Human-Robot Dialogue System
Human-Robot Dialogue System
This voice-based conversation system is a state-of-the-art system that functions by closely integrating several technologies based around different elements of user feedback such as refinement/reinforcement of users’ speech input (audio enhancement), speech and intent recognition (ASR/NLU), establishment of conversation for achieving the input goal (DM), response generation (NLG), and text-to-speech (TTS).
In particular, the conversation system in robots is an important method through which a robot can interact naturally with users using its own unique persona.
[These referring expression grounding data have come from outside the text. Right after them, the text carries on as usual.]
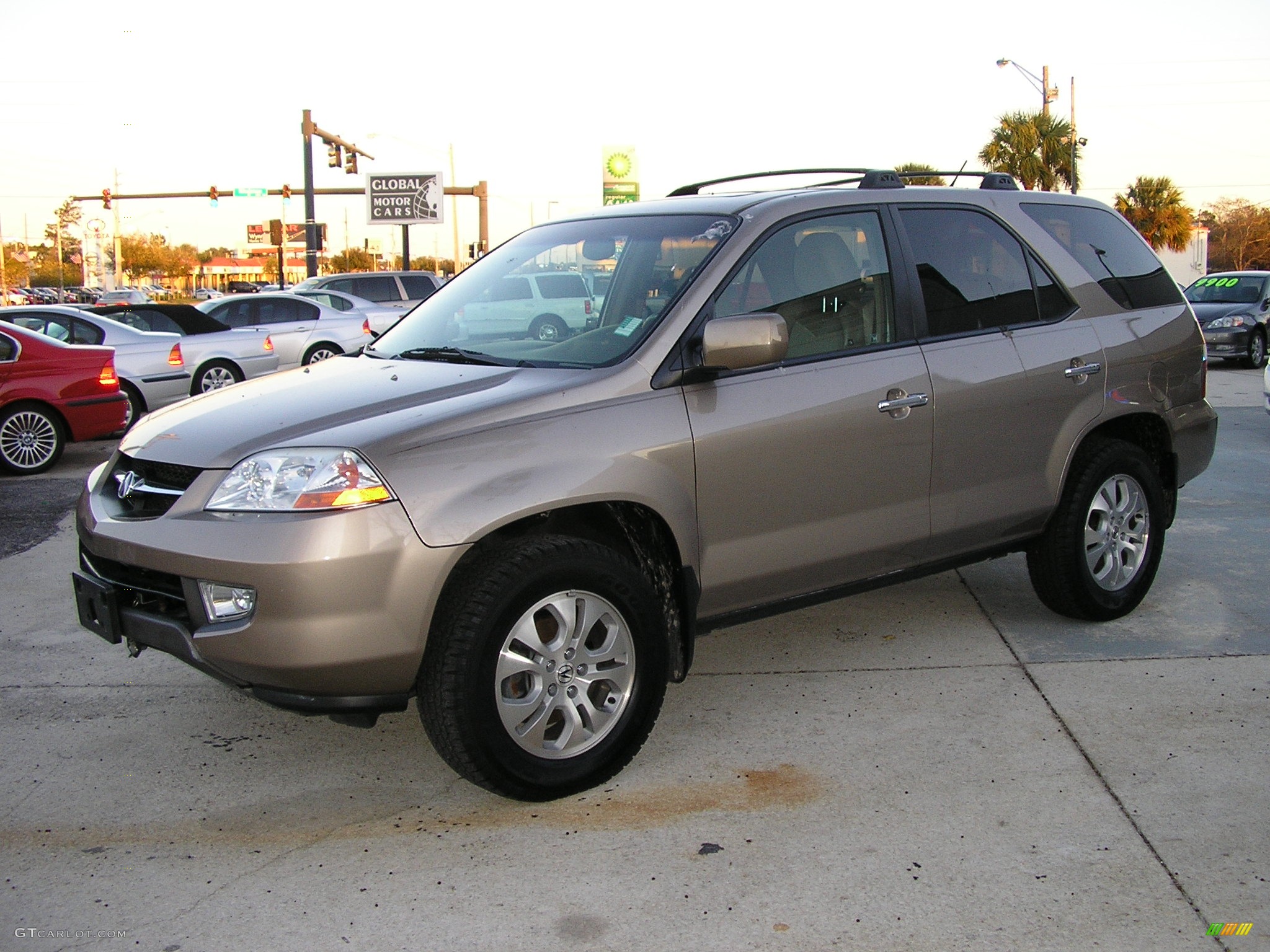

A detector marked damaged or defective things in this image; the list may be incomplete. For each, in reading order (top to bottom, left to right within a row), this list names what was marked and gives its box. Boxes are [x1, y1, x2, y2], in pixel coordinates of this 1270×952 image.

pavement crack [955, 571, 1229, 949] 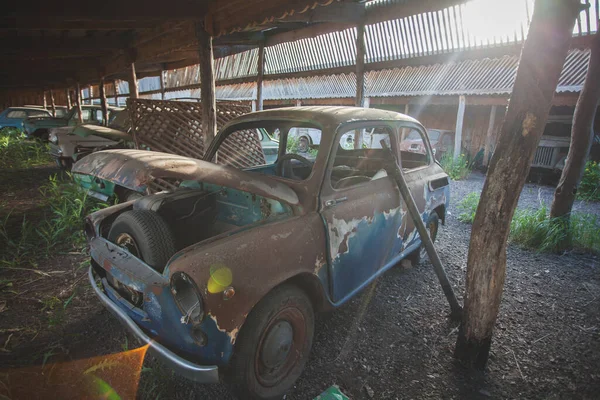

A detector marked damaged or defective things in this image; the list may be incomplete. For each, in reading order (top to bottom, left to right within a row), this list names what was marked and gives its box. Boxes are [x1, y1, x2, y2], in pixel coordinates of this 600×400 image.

rusty wheel rim [114, 233, 140, 258]
blue and rust car body [82, 106, 448, 382]
rusty abandoned car [83, 107, 450, 400]
rusted headlight rim [170, 272, 205, 324]
rusty wheel rim [255, 306, 308, 388]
As such, we at Robotics LAB are focusing on researching speech preprocessing that can reliably recognize a user’s input in any environment, broad conversation processing to respond to various user input, and text-to-speech technology that is able to express a robot’s character.
[Structure of the Voice-Based Conversation System]
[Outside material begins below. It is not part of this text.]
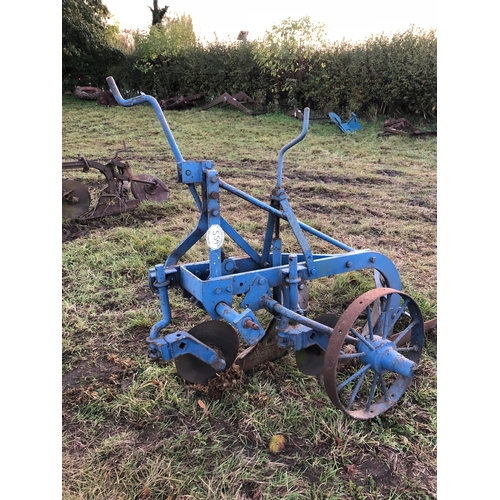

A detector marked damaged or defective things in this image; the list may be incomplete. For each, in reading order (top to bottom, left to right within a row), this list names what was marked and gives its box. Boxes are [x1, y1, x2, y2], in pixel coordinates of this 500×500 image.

rusty farm machinery in background [62, 142, 170, 218]
rusty farm machinery in background [103, 76, 432, 420] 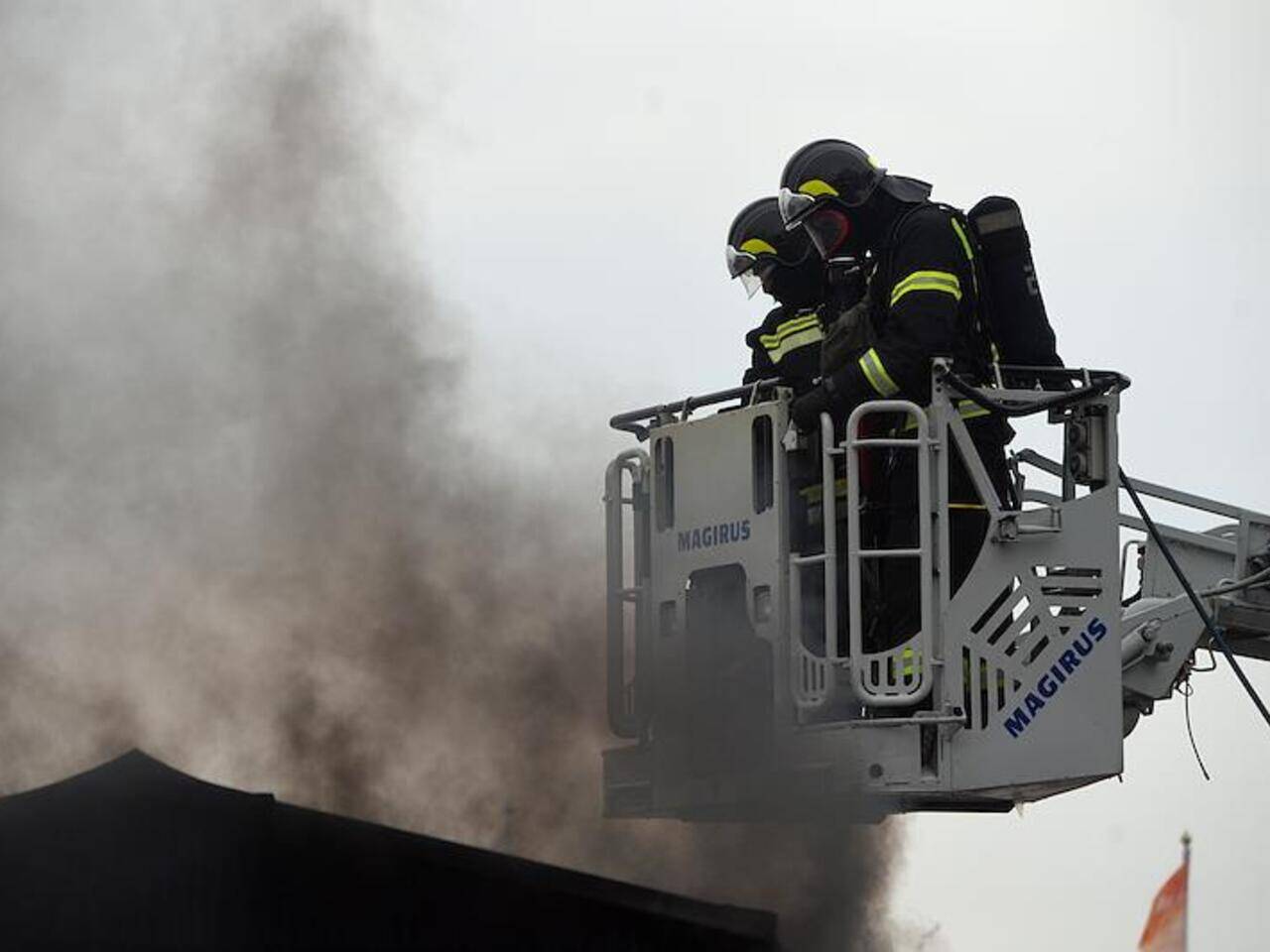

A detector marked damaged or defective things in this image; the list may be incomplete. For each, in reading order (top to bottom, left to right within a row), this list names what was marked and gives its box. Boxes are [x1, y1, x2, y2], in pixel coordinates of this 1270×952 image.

1. Technologies Related to Speech Preprocessing via Deep Learning Technology
At Robotics LAB, we are carrying out research in various fields such as direction estimation, noise cancellation, etc. to ensure seamless interactions between robots and humans in various real-life environments.
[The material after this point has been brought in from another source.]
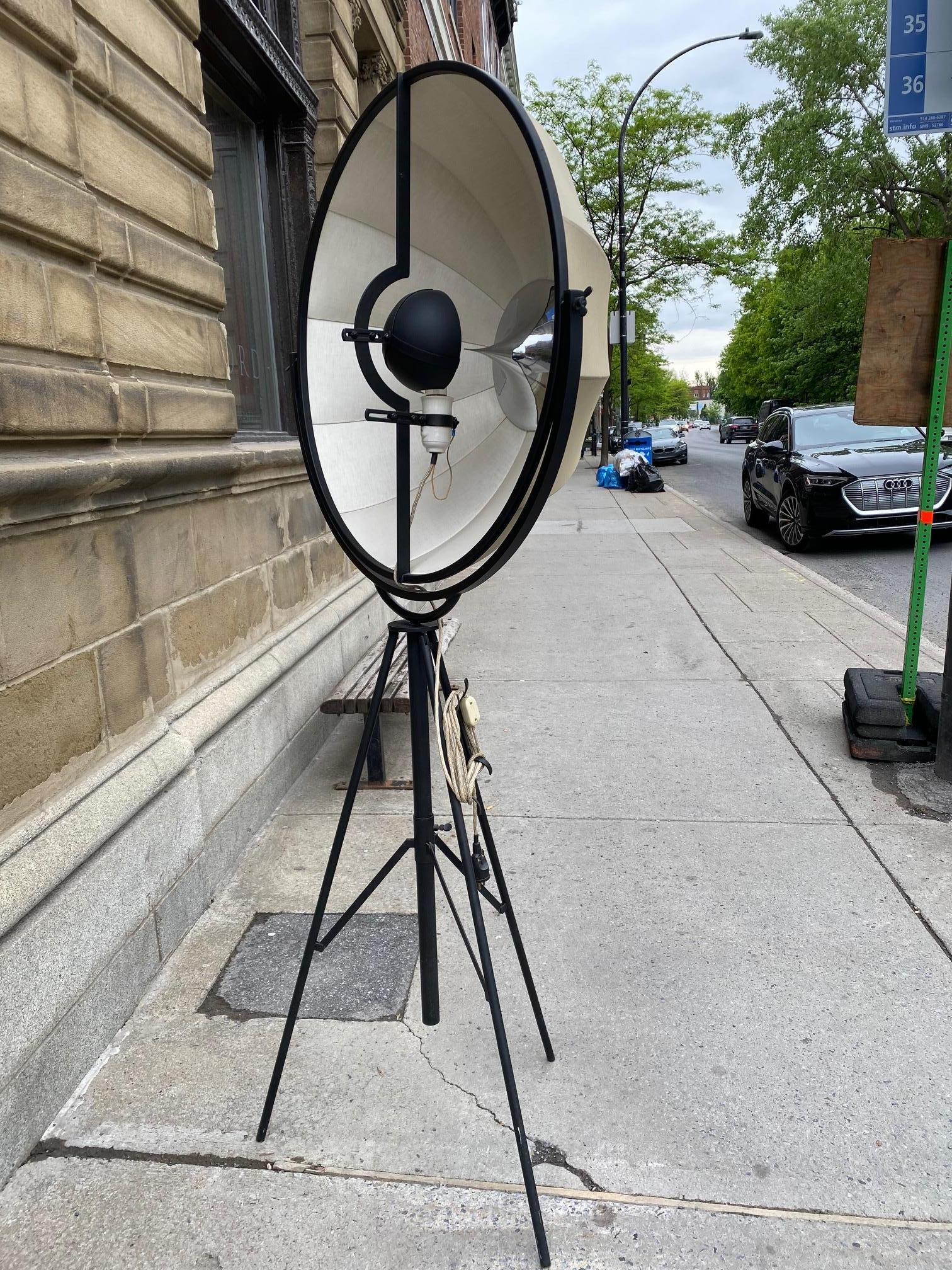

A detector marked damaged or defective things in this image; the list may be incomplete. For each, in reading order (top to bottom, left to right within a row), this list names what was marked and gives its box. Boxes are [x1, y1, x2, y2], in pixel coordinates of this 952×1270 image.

cracked pavement [1, 469, 952, 1270]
Meaningful traits can be extracted, compared, and predicted from sounds obtained by a robot to obtain results according to the features of each model, using CNN, RNN and attention-based models to learn and make inferences. Moreover, in order to respond to a wide range of service environments, acoustic data augmentation such as random noises, delays, reverberation, etc. is being researched.
Acoustic Echo Cancellation & Noise Reduction model
This feature eliminates echos that are detectable by robots as well as noise that is not detected but can be predicted by the robots depending on the service environment. To simultaneously increase the sound quality of speech data and the recognition rate of the recognition model, we are researching PESQ, SI-SNR, WER, Accuracy, etc. to satisfy various indicators.
[AEC & NR Model Performance]
Speech Localization and Detection model
This feature serves to verify the location of the speaker or any sounds not detected by the robot’s camera or sensor. The front/back/left/right (Azimuth) and up/down (Elevation) direction information and speech location probability is calculated in real-time using multi-channel mics.
Case 1) Speech is made from the right of the robot
Case 2) Speech is made in front of the robot
Multi-modal research & Edge computing development
To ensure that the robot conversation service runs seamlessly even in severely noisy environments, visual data is used along with speech data to detect the speech period of the speaker. Technologies relating to visual and audio speech preprocessing such as noise speech improvement, etc. are being developed, and research for optimizing real-time operation is being conducted using various neural network accelerators to operate deep-learning models in robots.
2. Speech Conversation System
The user speech input is generally analyzed as Intent and Entity through the Natural Language Understanding (NLU) engine. However, sometimes inputs are delivered without certain necessary situational information that is not expressed through speech, or the inputs are delivered in an unclear format due to the user’s speaking habits.
Robotics LAB converts this user input into task-oriented Intent and Entity to create commands that are executable by the robot by improving the entity recognition of the NLU module and utilizing the Dialog Manager. The completed user input provides the user with the necessary information through Natural Language Generation (NLG) and text-to-speech (TTS). A robot chatbot system that utilizes external platforms such as KakaoTalk is also being developed, along with a fun and easy-to-use dialog system for various platforms.
[Speech Conversation System Workflow]
3. Text-to-Speech (TTS)
Text-to-Speech (TTS) is a technology that analyzes text to generate speech similar to that of a human. At Robotics LAB, the input text is broken down into phonemes, after which the sentences are analyzed in a way that considers pronunciation, intonation, etc. (text analysis). The speaker’s speaking style (pitch, duration, tone, etc.) is then learned via the analyzed sentence. Transformers and other modules consisting of Seq2Seq (Sequence-to-Sequence) and Attention are used to predict the spectrogram (Acoustic Model).
Then, speech data (Neural Vocoder) based on this is generated through the Vocoder. With this technology, dynamic TTS that operates through the expression of emotion can be implemented for robots, providing a fresh and enjoyable experience for customers.